### Data excerpts

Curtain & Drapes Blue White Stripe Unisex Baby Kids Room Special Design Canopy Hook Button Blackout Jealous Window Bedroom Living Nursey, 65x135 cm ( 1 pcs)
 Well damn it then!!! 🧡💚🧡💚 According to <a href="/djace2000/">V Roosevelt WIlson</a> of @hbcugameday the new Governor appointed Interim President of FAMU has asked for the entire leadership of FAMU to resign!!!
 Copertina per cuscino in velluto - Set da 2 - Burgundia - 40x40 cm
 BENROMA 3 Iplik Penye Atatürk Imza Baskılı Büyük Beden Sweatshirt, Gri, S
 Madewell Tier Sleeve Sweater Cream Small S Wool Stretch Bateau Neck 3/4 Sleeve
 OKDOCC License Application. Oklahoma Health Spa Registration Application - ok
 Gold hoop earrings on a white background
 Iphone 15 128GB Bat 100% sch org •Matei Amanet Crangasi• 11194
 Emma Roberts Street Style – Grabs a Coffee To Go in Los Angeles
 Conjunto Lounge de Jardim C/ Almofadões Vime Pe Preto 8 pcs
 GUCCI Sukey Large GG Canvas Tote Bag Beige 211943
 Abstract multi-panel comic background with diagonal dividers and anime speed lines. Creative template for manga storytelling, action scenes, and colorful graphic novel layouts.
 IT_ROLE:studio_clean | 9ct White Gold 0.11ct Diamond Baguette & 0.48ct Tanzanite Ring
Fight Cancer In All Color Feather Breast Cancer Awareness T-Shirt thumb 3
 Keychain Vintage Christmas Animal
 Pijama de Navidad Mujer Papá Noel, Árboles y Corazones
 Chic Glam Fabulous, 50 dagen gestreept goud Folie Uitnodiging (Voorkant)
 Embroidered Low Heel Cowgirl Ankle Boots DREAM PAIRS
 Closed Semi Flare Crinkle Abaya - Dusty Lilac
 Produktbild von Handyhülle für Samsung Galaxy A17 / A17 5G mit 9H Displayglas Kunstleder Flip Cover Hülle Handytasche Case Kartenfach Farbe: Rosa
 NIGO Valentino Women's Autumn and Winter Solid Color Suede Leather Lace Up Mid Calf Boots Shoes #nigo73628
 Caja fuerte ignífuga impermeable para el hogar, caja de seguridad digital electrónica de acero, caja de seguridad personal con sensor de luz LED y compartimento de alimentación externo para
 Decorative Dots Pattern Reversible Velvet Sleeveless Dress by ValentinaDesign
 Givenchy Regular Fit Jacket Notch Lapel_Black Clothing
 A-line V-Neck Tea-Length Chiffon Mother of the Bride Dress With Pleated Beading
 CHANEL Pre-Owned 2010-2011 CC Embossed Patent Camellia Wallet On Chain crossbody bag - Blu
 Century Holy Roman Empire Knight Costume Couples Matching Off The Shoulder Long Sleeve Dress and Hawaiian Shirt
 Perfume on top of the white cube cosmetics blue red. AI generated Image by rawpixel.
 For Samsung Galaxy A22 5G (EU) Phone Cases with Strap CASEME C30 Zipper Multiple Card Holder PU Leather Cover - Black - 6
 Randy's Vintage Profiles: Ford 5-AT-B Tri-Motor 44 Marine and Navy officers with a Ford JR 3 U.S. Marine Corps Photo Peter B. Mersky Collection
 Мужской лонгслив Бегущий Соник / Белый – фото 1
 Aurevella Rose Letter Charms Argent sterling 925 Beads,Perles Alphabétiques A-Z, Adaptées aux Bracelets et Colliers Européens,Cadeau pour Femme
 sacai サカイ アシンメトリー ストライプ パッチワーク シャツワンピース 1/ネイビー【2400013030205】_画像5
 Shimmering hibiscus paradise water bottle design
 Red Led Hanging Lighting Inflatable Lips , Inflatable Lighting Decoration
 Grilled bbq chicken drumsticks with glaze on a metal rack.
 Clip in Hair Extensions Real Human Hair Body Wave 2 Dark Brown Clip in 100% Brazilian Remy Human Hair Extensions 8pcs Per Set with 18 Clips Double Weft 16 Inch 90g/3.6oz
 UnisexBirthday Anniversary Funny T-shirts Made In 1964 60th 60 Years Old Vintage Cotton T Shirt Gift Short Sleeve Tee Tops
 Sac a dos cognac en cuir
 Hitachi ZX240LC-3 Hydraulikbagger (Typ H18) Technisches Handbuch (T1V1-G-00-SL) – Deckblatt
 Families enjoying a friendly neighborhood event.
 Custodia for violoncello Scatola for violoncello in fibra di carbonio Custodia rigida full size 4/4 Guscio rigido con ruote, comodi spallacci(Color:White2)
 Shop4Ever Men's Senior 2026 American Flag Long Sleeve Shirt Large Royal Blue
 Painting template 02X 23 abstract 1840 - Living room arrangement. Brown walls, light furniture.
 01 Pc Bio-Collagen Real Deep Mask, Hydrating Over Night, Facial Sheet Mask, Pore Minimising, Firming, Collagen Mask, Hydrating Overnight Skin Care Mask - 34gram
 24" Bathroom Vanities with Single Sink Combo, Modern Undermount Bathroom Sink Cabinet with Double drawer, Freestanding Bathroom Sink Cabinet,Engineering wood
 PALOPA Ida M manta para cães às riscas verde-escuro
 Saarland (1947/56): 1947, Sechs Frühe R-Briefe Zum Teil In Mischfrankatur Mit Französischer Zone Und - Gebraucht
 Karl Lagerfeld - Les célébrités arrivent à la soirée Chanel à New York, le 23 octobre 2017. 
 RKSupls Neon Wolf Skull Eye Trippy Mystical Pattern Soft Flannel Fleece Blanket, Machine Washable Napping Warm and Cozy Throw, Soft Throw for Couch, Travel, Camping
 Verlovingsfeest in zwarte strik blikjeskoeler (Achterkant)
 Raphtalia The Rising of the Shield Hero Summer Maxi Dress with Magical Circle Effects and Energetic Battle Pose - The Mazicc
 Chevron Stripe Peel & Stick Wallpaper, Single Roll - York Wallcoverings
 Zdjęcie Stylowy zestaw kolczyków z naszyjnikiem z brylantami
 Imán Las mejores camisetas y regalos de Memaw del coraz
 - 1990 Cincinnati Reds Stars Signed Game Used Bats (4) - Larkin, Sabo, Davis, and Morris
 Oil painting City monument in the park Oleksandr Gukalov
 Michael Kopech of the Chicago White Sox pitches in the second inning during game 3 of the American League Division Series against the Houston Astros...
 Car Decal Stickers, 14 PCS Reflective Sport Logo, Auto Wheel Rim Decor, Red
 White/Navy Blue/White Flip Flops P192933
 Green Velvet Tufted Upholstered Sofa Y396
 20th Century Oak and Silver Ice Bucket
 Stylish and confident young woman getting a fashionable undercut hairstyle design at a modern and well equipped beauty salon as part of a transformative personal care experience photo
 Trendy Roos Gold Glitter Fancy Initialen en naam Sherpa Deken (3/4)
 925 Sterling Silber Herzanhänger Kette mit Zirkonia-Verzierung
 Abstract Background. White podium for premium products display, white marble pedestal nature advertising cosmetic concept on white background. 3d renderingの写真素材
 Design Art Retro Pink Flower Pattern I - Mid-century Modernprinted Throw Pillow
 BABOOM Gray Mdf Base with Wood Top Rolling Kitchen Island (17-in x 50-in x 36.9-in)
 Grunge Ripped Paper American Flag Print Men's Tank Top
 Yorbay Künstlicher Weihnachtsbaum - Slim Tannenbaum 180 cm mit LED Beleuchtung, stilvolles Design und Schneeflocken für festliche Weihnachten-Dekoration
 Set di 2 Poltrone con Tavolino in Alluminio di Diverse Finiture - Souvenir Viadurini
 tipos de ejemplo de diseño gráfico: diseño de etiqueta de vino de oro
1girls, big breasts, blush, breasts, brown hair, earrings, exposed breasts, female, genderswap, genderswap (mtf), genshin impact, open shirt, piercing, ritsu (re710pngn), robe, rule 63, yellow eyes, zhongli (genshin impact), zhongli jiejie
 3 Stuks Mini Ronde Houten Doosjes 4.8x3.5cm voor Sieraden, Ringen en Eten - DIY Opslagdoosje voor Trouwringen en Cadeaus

######

Lines from the beginning of the data above through the line containing "GUCCI Sukey Large" are to be returned exactly, and no others.

Curtain & Drapes Blue White Stripe Unisex Baby Kids Room Special Design Canopy Hook Button Blackout Jealous Window Bedroom Living Nursey, 65x135 cm ( 1 pcs)
 Well damn it then!!! 🧡💚🧡💚 According to <a href="/djace2000/">V Roosevelt WIlson</a> of @hbcugameday the new Governor appointed Interim President of FAMU has asked for the entire leadership of FAMU to resign!!!
 Copertina per cuscino in velluto - Set da 2 - Burgundia - 40x40 cm
 BENROMA 3 Iplik Penye Atatürk Imza Baskılı Büyük Beden Sweatshirt, Gri, S
 Madewell Tier Sleeve Sweater Cream Small S Wool Stretch Bateau Neck 3/4 Sleeve
 OKDOCC License Application. Oklahoma Health Spa Registration Application - ok
 Gold hoop earrings on a white background
 Iphone 15 128GB Bat 100% sch org •Matei Amanet Crangasi• 11194
 Emma Roberts Street Style – Grabs a Coffee To Go in Los Angeles
 Conjunto Lounge de Jardim C/ Almofadões Vime Pe Preto 8 pcs
 GUCCI Sukey Large GG Canvas Tote Bag Beige 211943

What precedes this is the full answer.